Napoleon has a nice phrase about ‘two o’clock in the morning courage’ or ‘instantaneous courage’. There are few better examples than De Gaulle continuing his slow walk towards the altar of Notre Dame in the midst of what Reid elsewhere called ‘a queer, crazy scene of modern war amid the medieval setting of a 13th-century church’, cordite and incense mixing in the air.
Yet De Gaulle, who never suffered from false modesty, is strangely reticent in his autobiography about what happened in the cathedral focusing, instead, on the music: ‘Le Magnificat s’élève. En fut il jamais chanté de plus ardent?’ [‘The Magnificat rose up, was it ever sung with such passion?’]!
As to the attack no one was apprehended and though the gunshots were routinely written off as snipers trying to kill De Gaulle there is room for doubt. The General himself wondered if it hadn’t been an attempt to sow panic and justify a continuing state of emergency in Paris. De Gaulle, however, was a sucker for conspiracy theories.
Beachcombing can’t help but wonder what would have happened if a bullet had found its way into the head of the leader of the Free French: the Cuban Missile Crisis, Britain’s late entrance to the EEC, Algeria, 1968… All had crucial input from De Gaulle.
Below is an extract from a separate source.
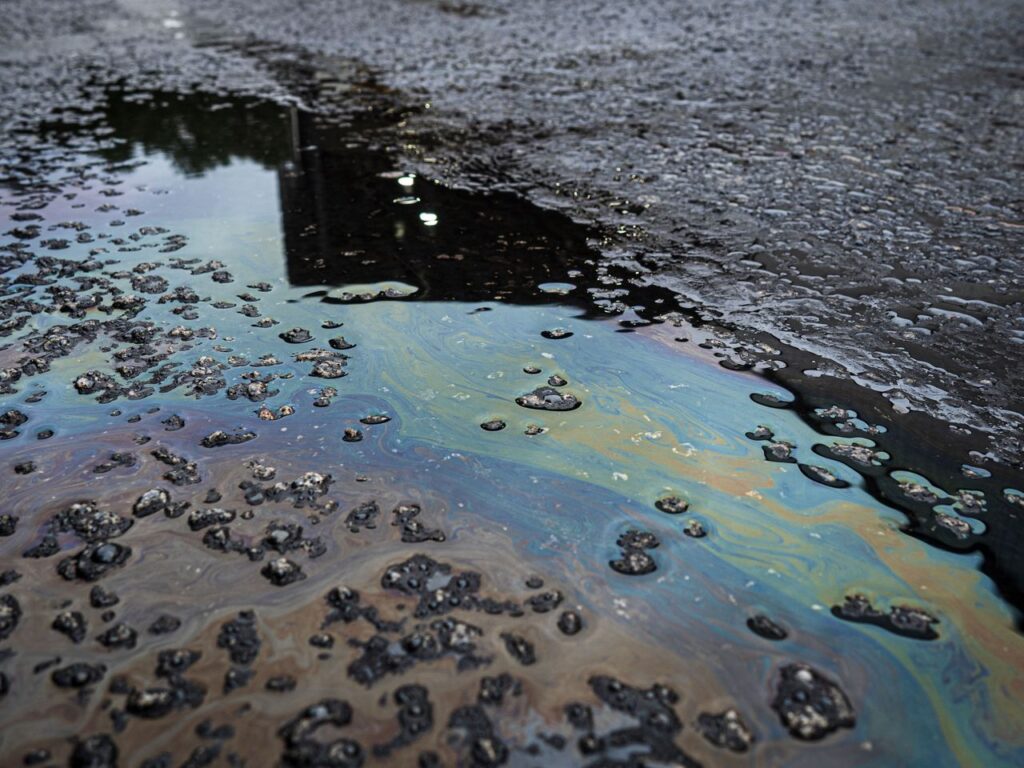 Venezuela says oil spill from Trinidad and Tobago reaches its shore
Any other explanations for the attack or any alternative witness accounts gratefully received: drbeachcombing AT yahoo DOT com
30 Nov 2011: KMH writes in, ‘The perception of great leaders being immune to the effects of gunfire in war (and possibly fully aware of it) isn’t limited to de Gaulle. I remember the same was evident with Douglas MacArthur and George Patton in WWI who went on to participate in WWII. And perhaps the same applied to Montgomery, but I am hazy here. Throughout history the same notion has applied whether with bullets or bows and arrows. So you see there is a distinct difference between us, the commoners, and great military leaders.’ Thanks KMH!